> [Data for the task]:

/---

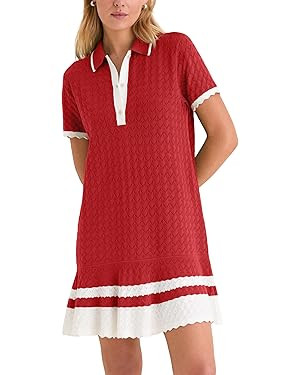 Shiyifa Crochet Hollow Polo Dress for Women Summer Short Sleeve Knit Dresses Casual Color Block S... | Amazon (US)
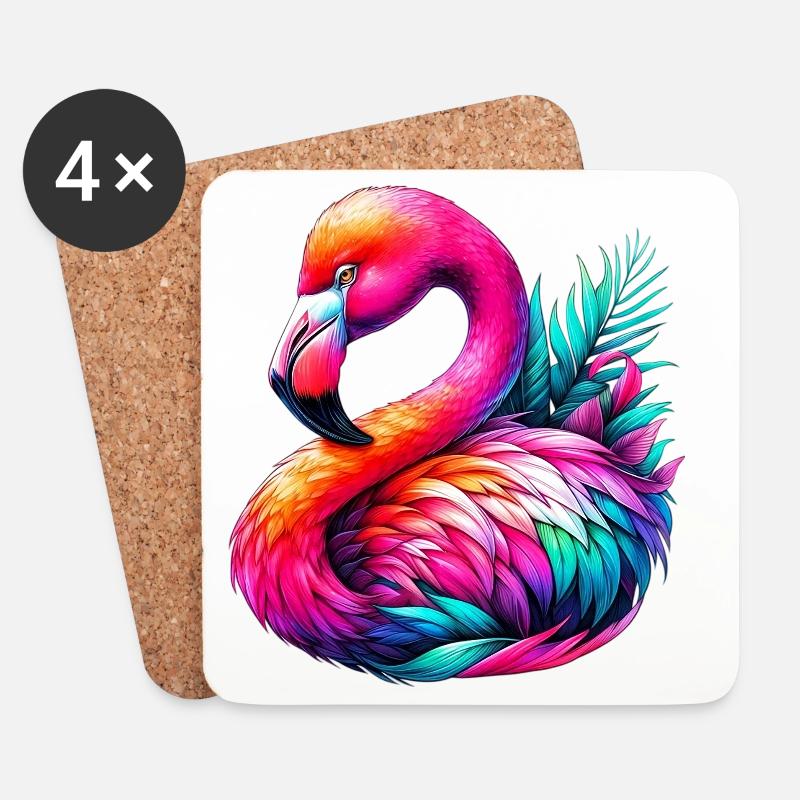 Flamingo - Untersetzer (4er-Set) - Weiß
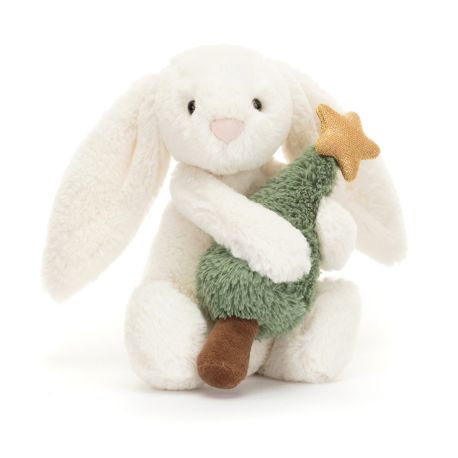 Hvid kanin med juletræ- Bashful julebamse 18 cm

\---
/---

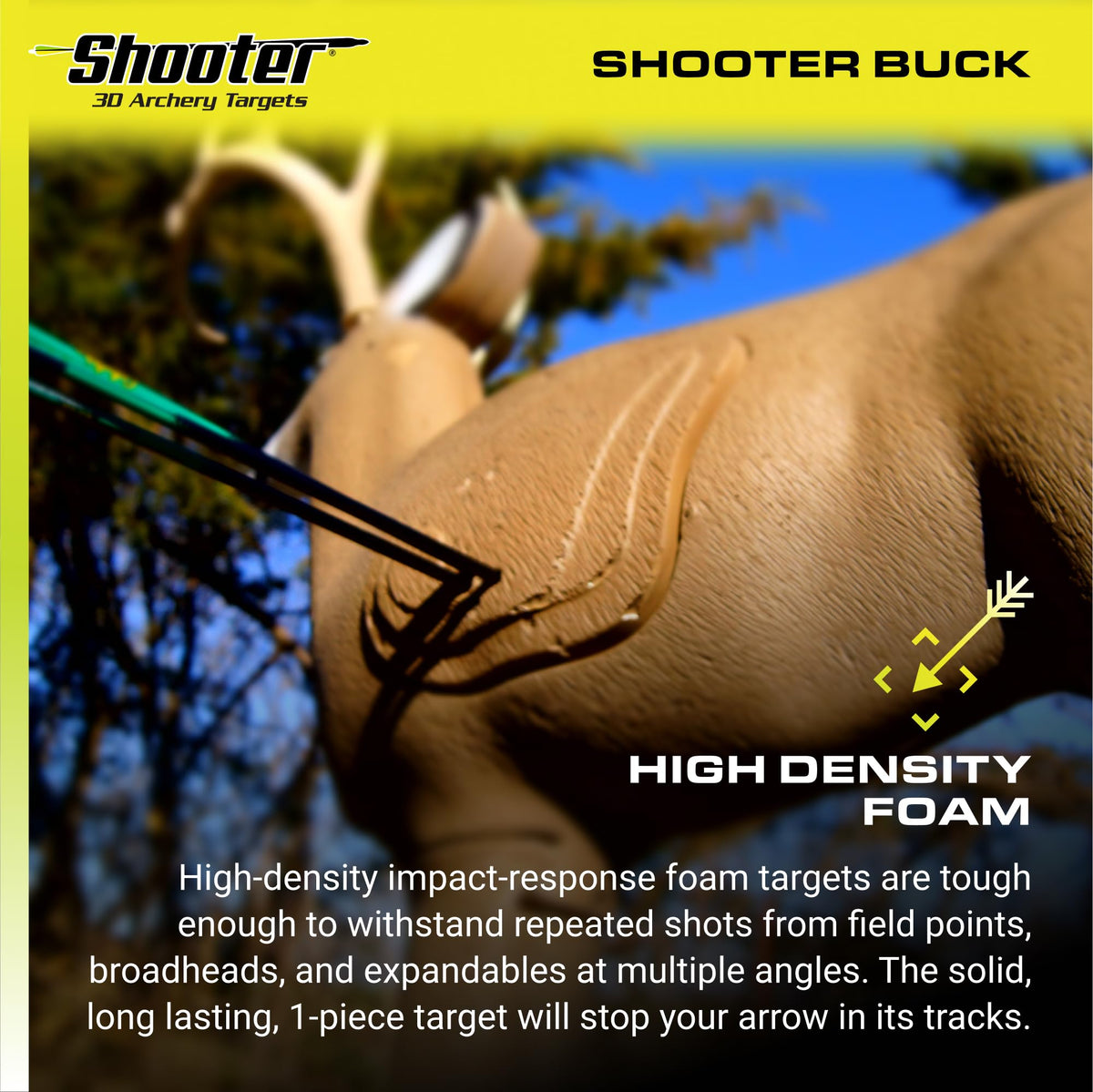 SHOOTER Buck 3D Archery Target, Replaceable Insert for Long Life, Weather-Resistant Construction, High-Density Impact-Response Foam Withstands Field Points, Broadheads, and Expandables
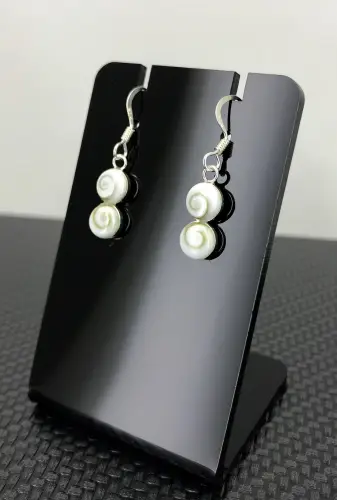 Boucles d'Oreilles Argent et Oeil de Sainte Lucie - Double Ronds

\---
/---

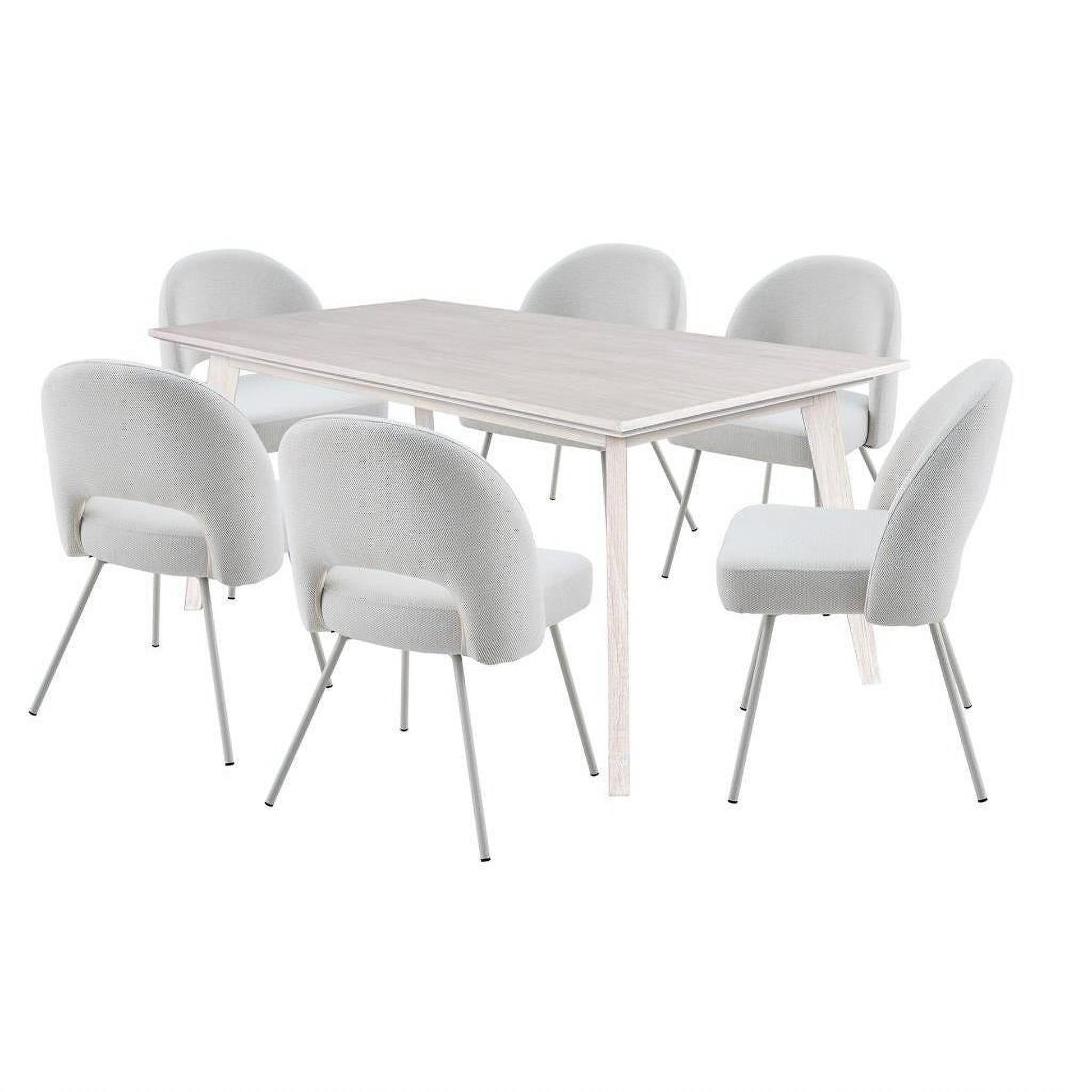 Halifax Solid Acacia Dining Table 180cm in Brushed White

\---

> [To do]: Nothing except the lines from the one containing "SHOOTER Buck 3D" through the one containing "Boucles d'Oreilles Argent" should appear in the answer, exactly as above and without pictures.

> [Response to this task]:
 SHOOTER Buck 3D Archery Target, Replaceable Insert for Long Life, Weather-Resistant Construction, High-Density Impact-Response Foam Withstands Field Points, Broadheads, and Expandables
 Boucles d'Oreilles Argent et Oeil de Sainte Lucie - Double Ronds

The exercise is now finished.